Written By:
weka - Date published:
11:55 am, October 24th, 2019 - 23 comments
Categories: death with dignity, disability, Social issues -
Tags: End of Life Choice Bill, euthanasia, social theory of disability
Only that didn’t happen. Instead, the New Zealand Parliament is going to let the voting public decide next year if we should have the right to kill ourselves if we are terminally ill.
I’m theoretically in favour of right to die legislation and state support for humane methods. There are compelling reasons for empowering individuals to have choice and agency in how they manage personal suffering. But it’s backwards to have such legislation, or even public debate about it, without first looking at how to give disabled people and the elderly the right to live a good life.
There is the clear issue of the risk to vulnerable people being directly or indirectly coerced into dying early. Further, a society that actively ignores the well-being of disabled people as well as their voices in public discourse is a society that has no moral mandate to claim it can protect vulnerable people when the need arises.

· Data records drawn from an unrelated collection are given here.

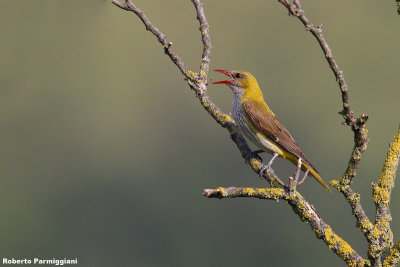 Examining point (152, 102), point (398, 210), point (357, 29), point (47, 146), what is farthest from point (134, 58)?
point (398, 210)

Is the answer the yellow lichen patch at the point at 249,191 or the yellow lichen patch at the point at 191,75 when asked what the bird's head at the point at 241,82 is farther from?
the yellow lichen patch at the point at 249,191

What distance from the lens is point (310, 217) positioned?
4688 millimetres

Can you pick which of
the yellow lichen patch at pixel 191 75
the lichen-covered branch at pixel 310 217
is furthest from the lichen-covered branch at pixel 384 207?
the yellow lichen patch at pixel 191 75

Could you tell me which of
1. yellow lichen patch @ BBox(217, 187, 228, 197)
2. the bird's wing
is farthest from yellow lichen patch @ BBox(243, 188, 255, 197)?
the bird's wing

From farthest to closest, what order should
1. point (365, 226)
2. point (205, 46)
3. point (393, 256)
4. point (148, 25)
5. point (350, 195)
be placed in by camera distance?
1. point (205, 46)
2. point (148, 25)
3. point (350, 195)
4. point (365, 226)
5. point (393, 256)

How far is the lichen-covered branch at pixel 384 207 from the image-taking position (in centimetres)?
441

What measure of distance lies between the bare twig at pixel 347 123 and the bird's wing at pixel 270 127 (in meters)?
2.62

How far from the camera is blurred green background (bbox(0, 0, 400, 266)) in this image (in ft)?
95.9

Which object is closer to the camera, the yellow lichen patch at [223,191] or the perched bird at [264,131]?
the yellow lichen patch at [223,191]

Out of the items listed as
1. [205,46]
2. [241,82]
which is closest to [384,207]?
[205,46]

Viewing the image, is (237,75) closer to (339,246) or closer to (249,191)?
(249,191)

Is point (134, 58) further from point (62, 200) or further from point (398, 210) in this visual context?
point (398, 210)

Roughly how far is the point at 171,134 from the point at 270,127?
1360 inches

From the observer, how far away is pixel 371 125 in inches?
1420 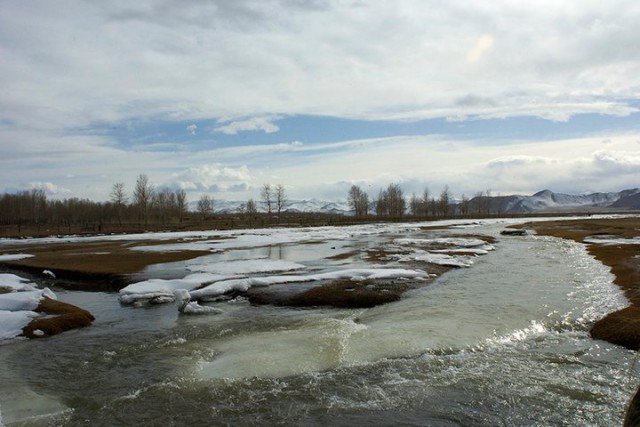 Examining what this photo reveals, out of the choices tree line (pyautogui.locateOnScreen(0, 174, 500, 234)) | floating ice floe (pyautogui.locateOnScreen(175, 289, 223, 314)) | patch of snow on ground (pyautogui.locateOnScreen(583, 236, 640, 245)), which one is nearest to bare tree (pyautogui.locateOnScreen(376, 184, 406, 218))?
tree line (pyautogui.locateOnScreen(0, 174, 500, 234))

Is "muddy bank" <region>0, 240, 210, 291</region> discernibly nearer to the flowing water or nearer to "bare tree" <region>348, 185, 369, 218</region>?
the flowing water

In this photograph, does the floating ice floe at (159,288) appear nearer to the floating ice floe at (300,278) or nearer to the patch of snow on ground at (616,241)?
the floating ice floe at (300,278)

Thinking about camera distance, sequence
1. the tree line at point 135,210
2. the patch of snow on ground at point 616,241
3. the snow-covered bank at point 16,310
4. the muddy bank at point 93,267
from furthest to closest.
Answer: the tree line at point 135,210 → the patch of snow on ground at point 616,241 → the muddy bank at point 93,267 → the snow-covered bank at point 16,310

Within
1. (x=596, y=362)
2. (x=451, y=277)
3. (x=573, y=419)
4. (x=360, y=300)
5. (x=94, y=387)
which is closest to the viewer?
(x=573, y=419)

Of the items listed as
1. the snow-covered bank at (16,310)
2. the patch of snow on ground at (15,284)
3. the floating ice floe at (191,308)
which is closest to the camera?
the snow-covered bank at (16,310)

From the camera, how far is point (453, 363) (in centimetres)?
1230

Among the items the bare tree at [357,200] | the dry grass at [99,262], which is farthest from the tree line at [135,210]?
the dry grass at [99,262]

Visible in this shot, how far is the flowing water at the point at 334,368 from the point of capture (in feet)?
31.6

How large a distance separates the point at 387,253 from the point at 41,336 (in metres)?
29.0

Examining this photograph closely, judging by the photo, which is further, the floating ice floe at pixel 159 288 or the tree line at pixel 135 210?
the tree line at pixel 135 210

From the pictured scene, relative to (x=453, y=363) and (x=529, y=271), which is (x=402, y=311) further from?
(x=529, y=271)

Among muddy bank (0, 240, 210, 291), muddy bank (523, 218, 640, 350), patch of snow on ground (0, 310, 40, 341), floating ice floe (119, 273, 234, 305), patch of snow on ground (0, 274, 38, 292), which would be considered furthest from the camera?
muddy bank (0, 240, 210, 291)

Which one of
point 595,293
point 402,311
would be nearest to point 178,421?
point 402,311

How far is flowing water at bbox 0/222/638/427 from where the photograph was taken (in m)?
9.64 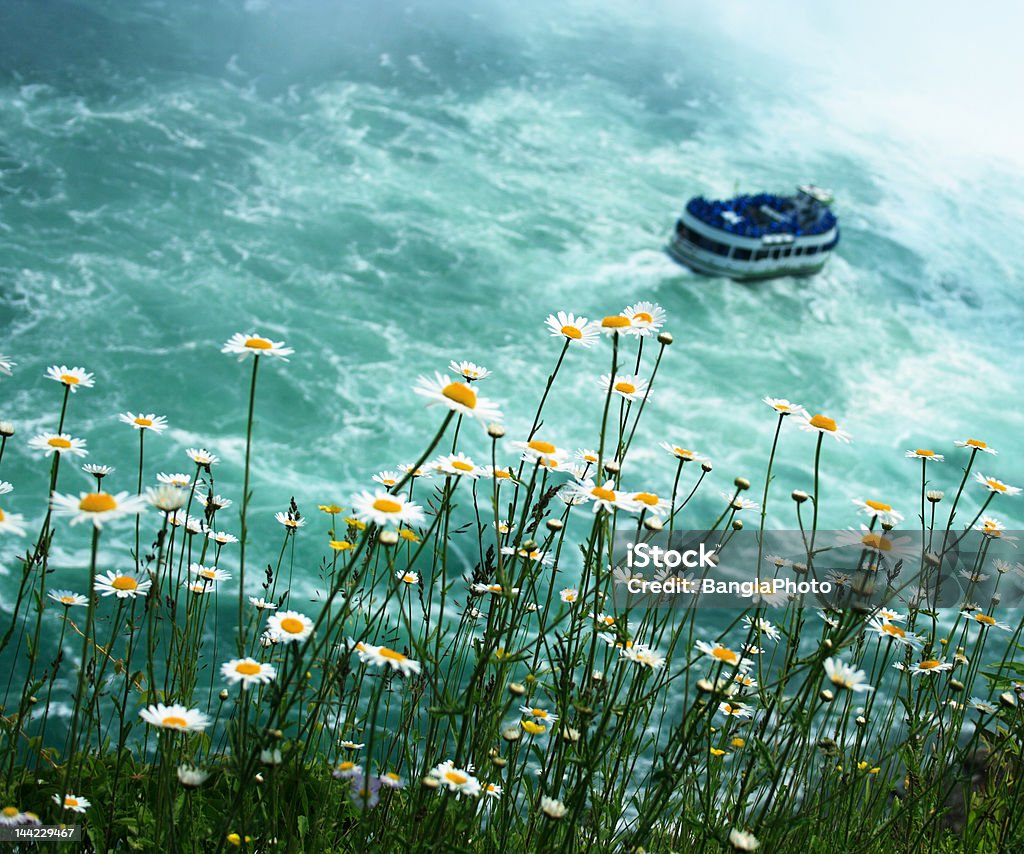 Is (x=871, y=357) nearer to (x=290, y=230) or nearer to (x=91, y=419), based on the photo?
(x=290, y=230)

The social theory of disability gives us the model that disability doesn’t arise from health conditions or physical/mental impairment, but instead is created by how society organises and structures itself. Impairment is what happens in our bodies and minds, but disability is constructed with external barriers specific to that impairment. Someone who relies on a wheelchair for mobility becomes disabled when they need to access a building that has stairs but no ramp. Society built that disability into the building when it decided what human functions were important.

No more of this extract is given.